Fantastically awesome Tequila Marinated Venison Fajitas of greatness, of course.
Whether your processor preps your deer meat or you take the time to do your own at home, this fajita recipe is pretty simple. You can use some of the hindquarter roasts or the smaller “scrap” trimmings, if you saved them.
One thing you definitely must have is a vacuum sealer and plenty of bags for meat, veggies, marinating and other uses. Heck, with a great vacuum sealer you can also seal some hunting items — extra socks? quick fire-starter kits? — and be ready for deer season.
Give this great recipe from Weston a try and enjoy:
Tequila Marinated Venison Fajitas
– Ingredients –
2 pounds venison
1/4 cup tequila
1/4 cup triple sec
juice from two limes
3 garlic cloves, smashed
small handful fresh cilantro leaves
1/2 teaspoon fresh mint leaves
1/2 teaspoon sea salt
1/2 teaspoon black pepper
1/2 teaspoon crushed red pepper
1/4 teaspoon smoked paprika
one red pepper
one orange pepper
one yellow pepper
one green pepper
one red onion
1/4 cup avocado oil
4-12 corn tortillas (depends on if you double wrap)
8 oz crumbled goat cheese
1 cup mango salsa
chilomate sauce is also quite delicious with this recipe if you like spicy sauces
Use a meat slicer to slice your venison into steaks.
Then use a Weston Jerky Slicer to slice the steaks into perfect strips. Uniform size will help them cook evenly and at the same time. Use a Weston Manual Kitchen Kit to chop the cilantro, mint, and garlic.
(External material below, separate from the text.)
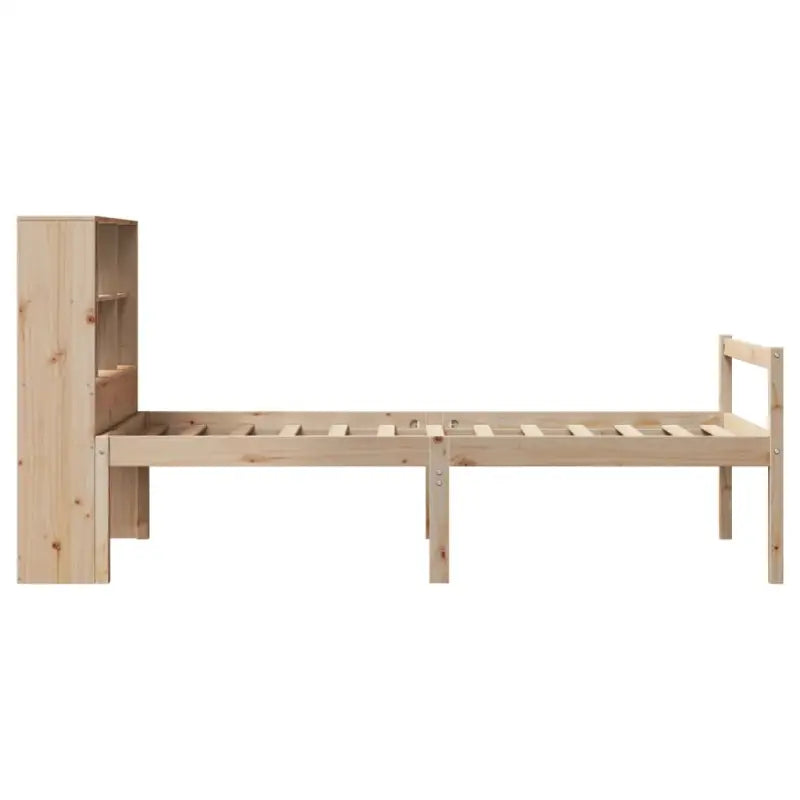 Boekenkastbed van massief grenenhout met optimale totale afmetingen - Bedden & bedframes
Combine the marinade ingredients in a large bowl. Mix the strips into the marinade, then drop the strips, with the marinade, into a Weston Vacuum Sealer bag and seal. Place the bag into the refrigerator overnight.
Use a Weston Mandoline or a knife to slice the onion and peppers.
Heat skillet over high heat with a few tablespoons of avocado oil. Once hot, place onions and peppers into the skillet and roast until soft and blackened.
Remove and cover, to keep warm. Pour another tablespoon or two of avocado oil into the skillet. Place venison into the skillet, then turn the pieces immediately. Venison should be tender and pink in the middle, but charred on the outside. Serve immediately.
To serve: Wrap the venison, onions, and peppers into corn tortillas, and top with avocados, goat cheese, and mango salsa. Squeeze a lime over the top of the fajita. Place a dollop of chilomate sauce on top, if you like.